A recent sharp drop in new Ebola infections in West Africa is prompting scientists to wonder whether the virus may be silently immunising some people at the same time as brutally killing their neighbours. Reuters Health reports that so-called "asymptomatic" Ebola cases – in which someone is exposed to the virus, develops antibodies, but doesn't get sick or suffer symptoms – are hotly disputed among scientists, with some saying their existence is little more than a pipe dream. Yet if, as some studies suggest, such cases do occur in epidemics of the deadly disease, they may be a key factor in ending outbreaks more swiftly by giving secret protection to those lucky enough to be able to bat the infection away.

"We wonder whether 'herd immunity' is secretly coming up – when you get a critical mass of people who are protected, because if they are asymptomatic they are then immune," Philippe Maughan, senior operations administrator for the humanitarian branch of the European Commission, said. "The virus may be bumping into people it can't infect any more."

Latest World Health Organisation data show new cases of infection in West Africa's unprecedented Ebola epidemic dropping dramatically in Guinea, Sierra Leone and particularly in Liberia. Most experts are sure the main driver is better control measures reducing direct contact with contagious patients and corpses, but there may also be other factors at work.

So-called herd immunity is a feature of many infectious diseases and can, in some cases, dampen an outbreak if enough people get asymptomatic, or "sub-clinical" cases and acquire protective antibodies.

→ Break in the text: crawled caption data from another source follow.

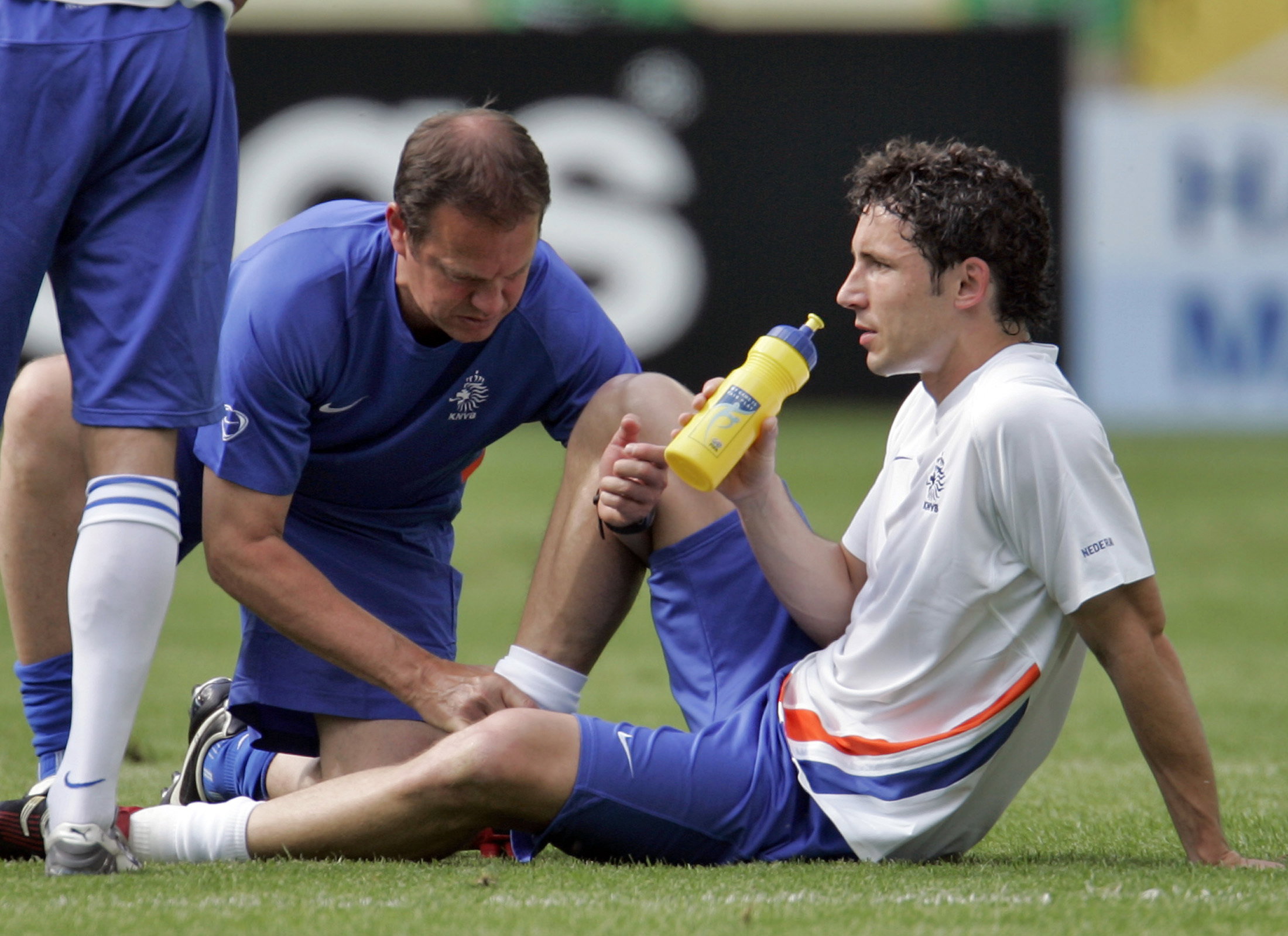 Rob Ouderland met Mark van Bommel bij het Nederlands elftal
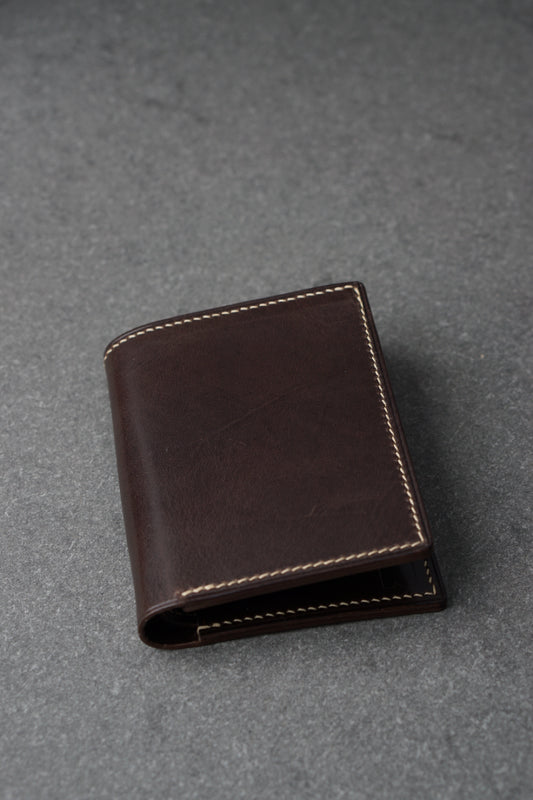 Portofel din piele lucrat 100% manual din piele culoarea maro inchis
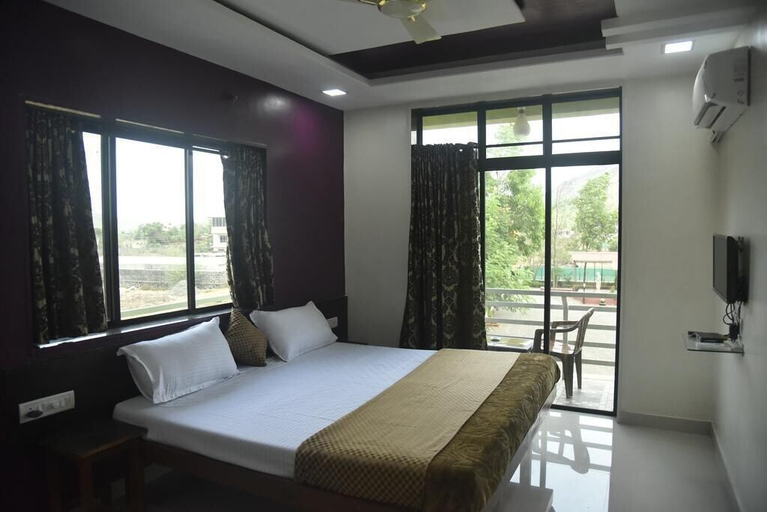 Bedroom 2, Royal Hills Resort, Pune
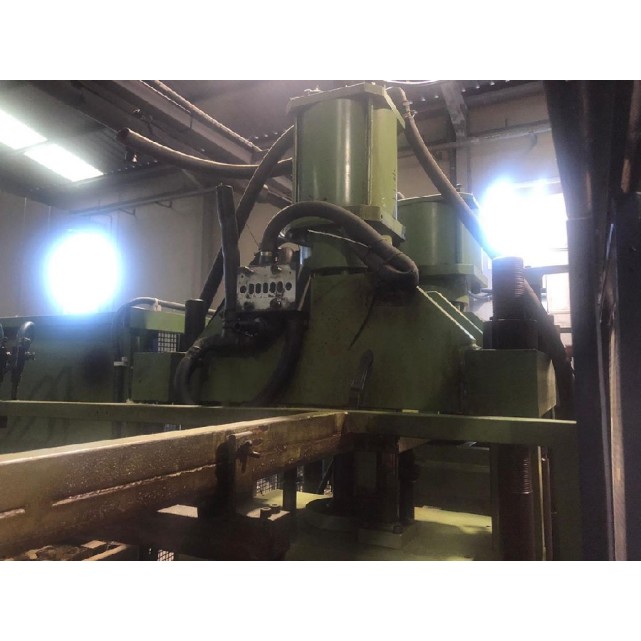 Thermoforming machine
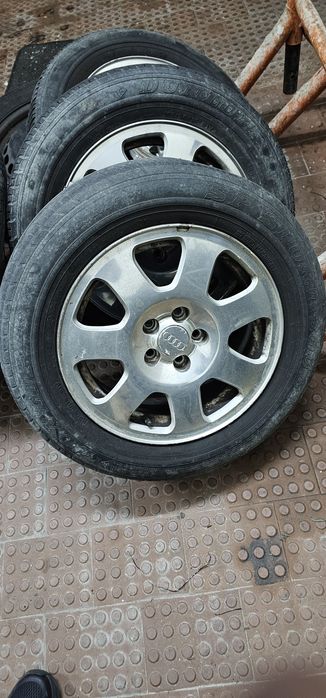 4 Jantes audi r15 e uma de ferro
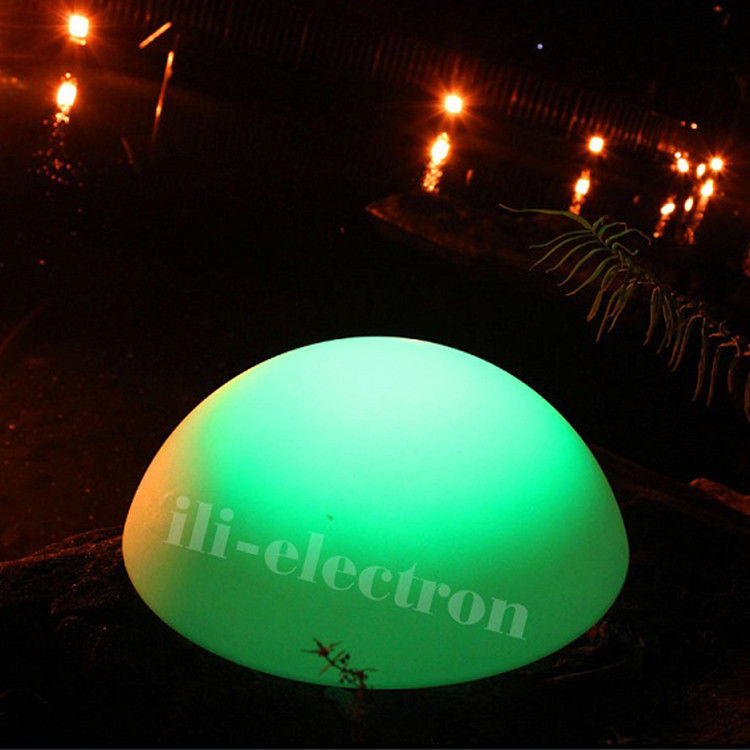 PE plástico LED semisfera luz recargable para la decoración de Navidad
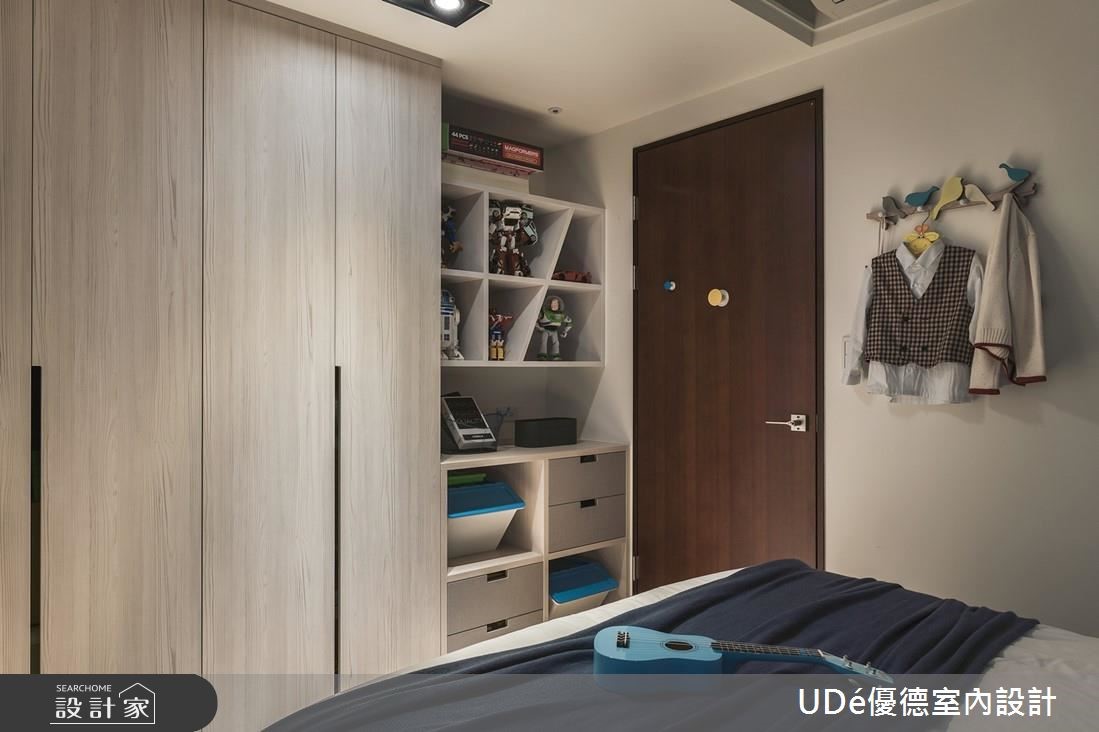 36 坪現代風住宅,一道莫蘭迪綠電視牆,傳遞溫柔沉穩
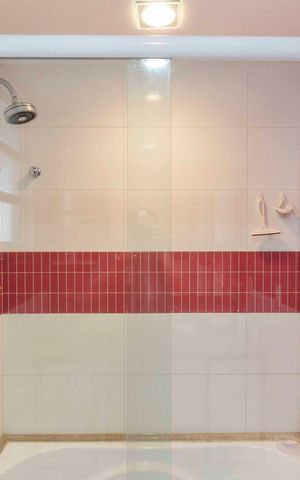 Apartamento para alugar com 136m², 3 quartos e 2 vagas Apartamento para alugar com 136m², 3 quartos e 2 vagasBanheiro da Suíte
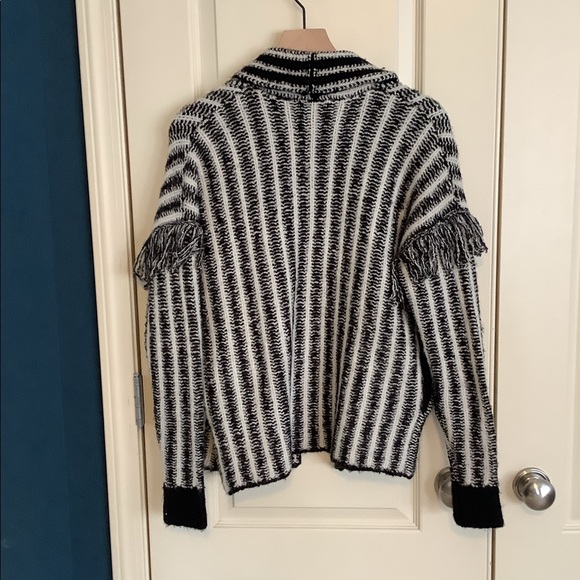 Aqua Fringe-Trim Open Front Cardigan with Pockets Black/White XSmall - Picture 2 of 4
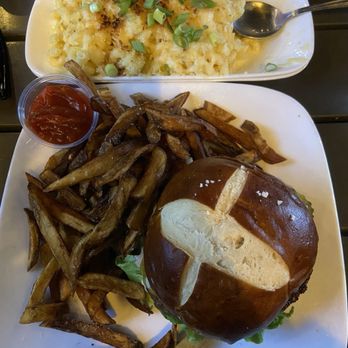 Kuma's Corner - Belmont - Burger Small Mac and Cheese - Burgers Near Me - Chicago, Illinois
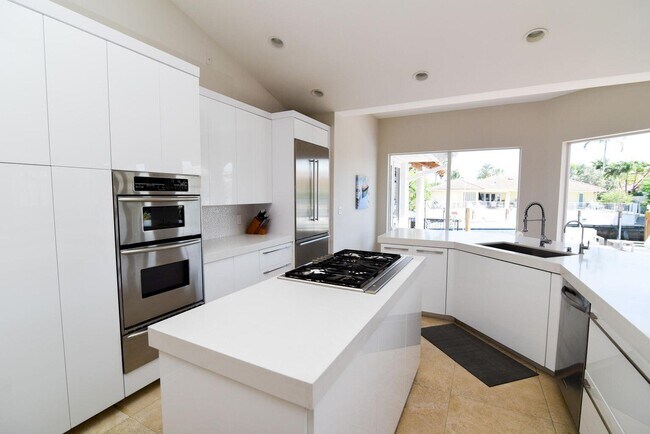 Building Photo - 511 Golden Harbour Dr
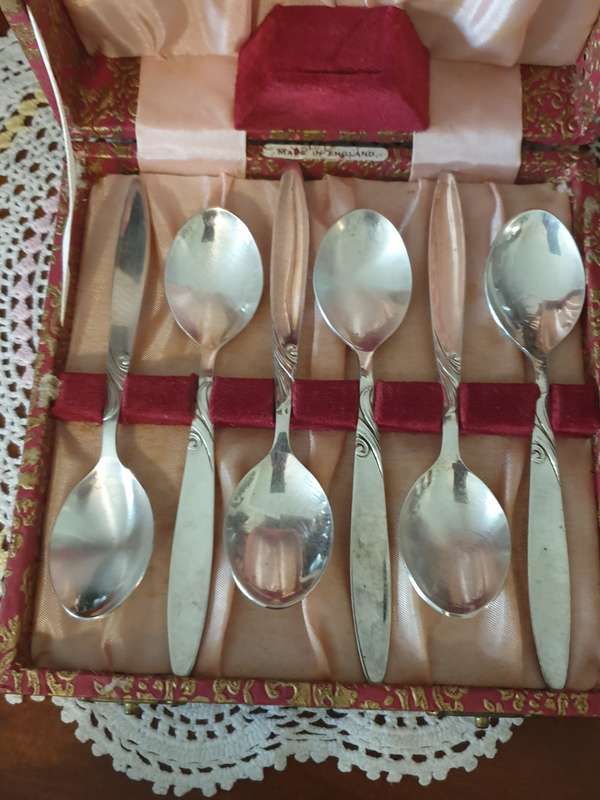 Tea Spoons in Box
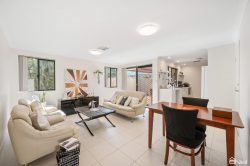 25B Arnott Ct, Kelmscott WA 6111, Australia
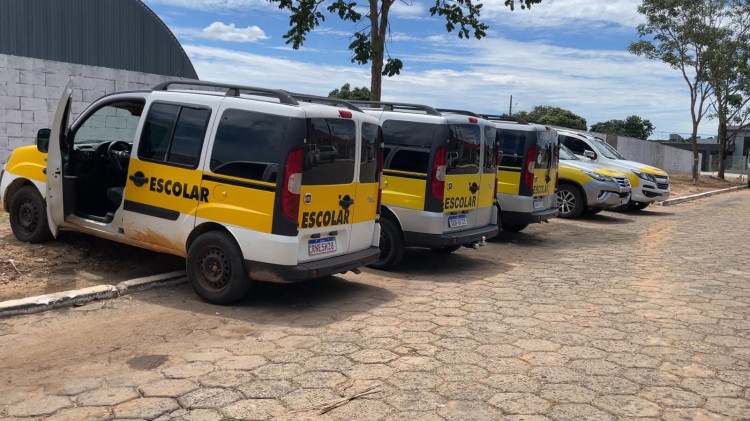 Veículos do transporte escolar terceirizado são vistoriados em Alto Araguaia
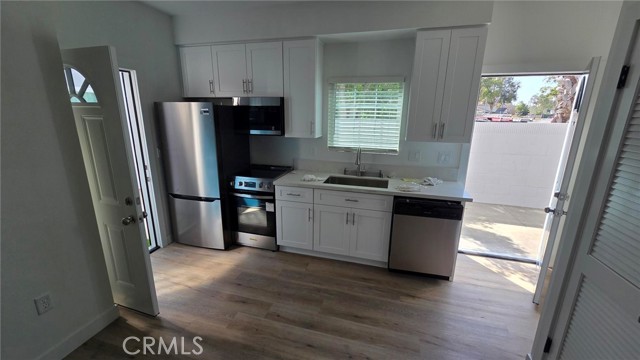 Detail Gallery Image 3 of 12 For 988 El Camino #106,  Costa Mesa,  CA 92626 - 3 Beds | 2 Baths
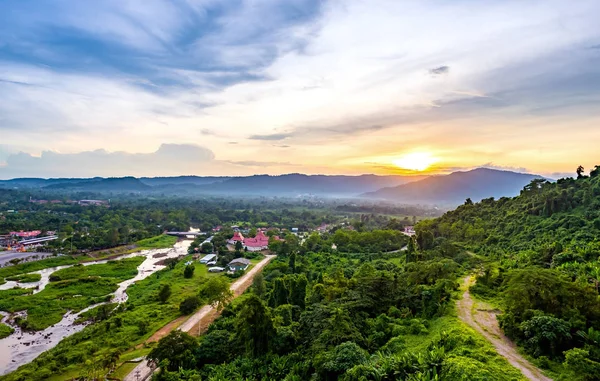 村庄和山的顶视图全景图像 — 图库照片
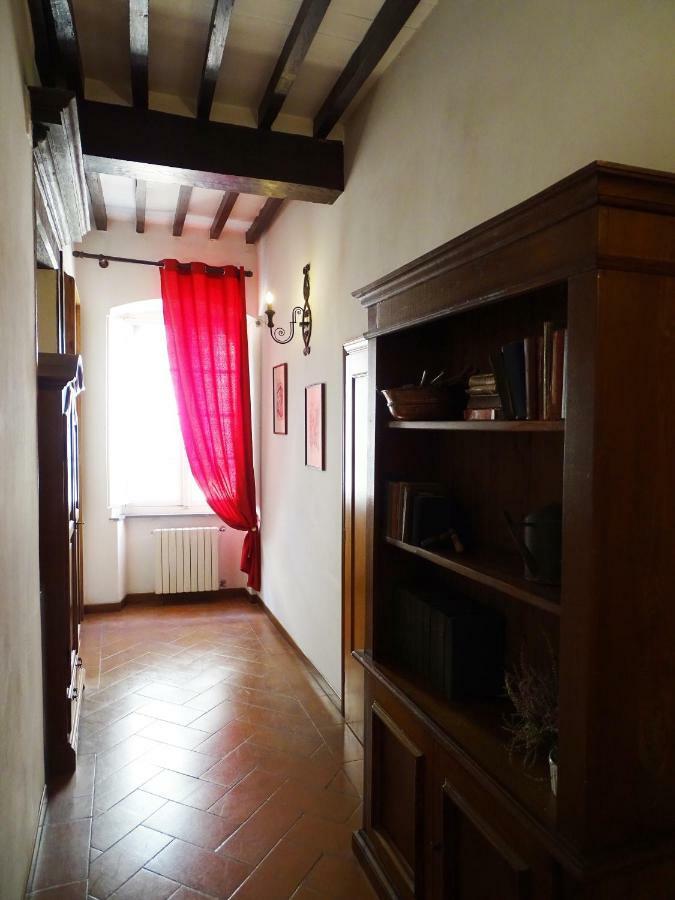 Hotel Sabrina Cortona Bagian luar foto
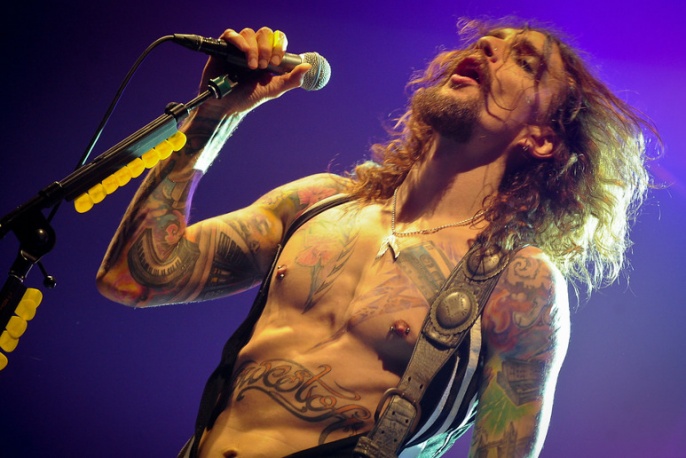 „Open Fire” – nowy kawałek The Darkness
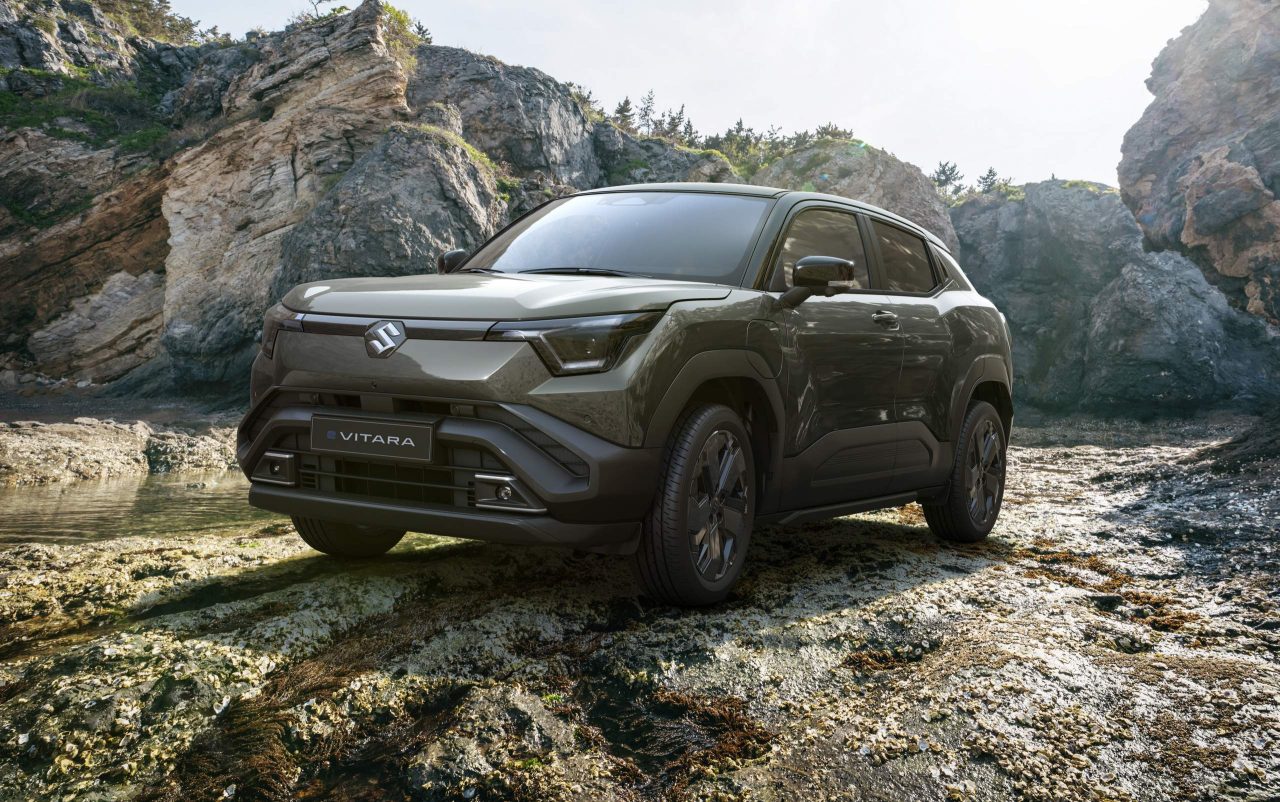 Suzuki lança Vitara elétrico no Brasil com tração 4×4 até março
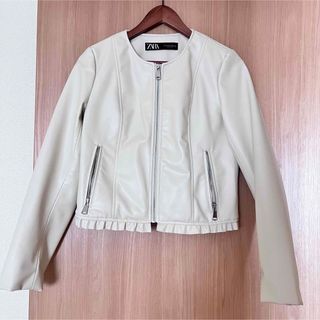 ザラ(ZARA)のザラ　ライダースジャケット　合皮　M フリル付き(ノーカラージャケット)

After a while, the virus – be it flu, measles, polio – can't find non-immune people to be its hosts. But some specialists with wide experience of disease outbreaks are highly sceptical about whether this phenomenon happens in Ebola, or whether it could affect an epidemic.

Others are more hopeful and are urging researchers in West Africa to seek out and test possible asymptomatic cases with a view to using the secrets of their silent immunity. Steve Bellan of the University of Texas argues that if scientists can reliably identify asymptomatic people, they could help with disease-control tasks like caring for patients and conducting burials, reducing the number of non-immune people exposed in these risky jobs.

With the largest Ebola epidemic on record raging through three of Africa's most under-resourced countries, scientists and medics have focussed all efforts on the sick and dying and not on testing people with no symptoms. If they do, however, and if they were to find what Bellan and some others suspect, it could prompt a reappraisal of what jolted a relatively sudden downturn in new cases.

Ian MacKay, a virologist at Australia's University of Queensland, agrees that possible sub-clinically-acquired immunity is one of many unexplored mysteries of the Ebola virus. "One thing that this particular outbreak shows is that we really don't know an awful lot about these kinds of infectious diseases," he said. "We tend to think we can answer all the questions, but this is one of those things we may end up being taught by the virus itself."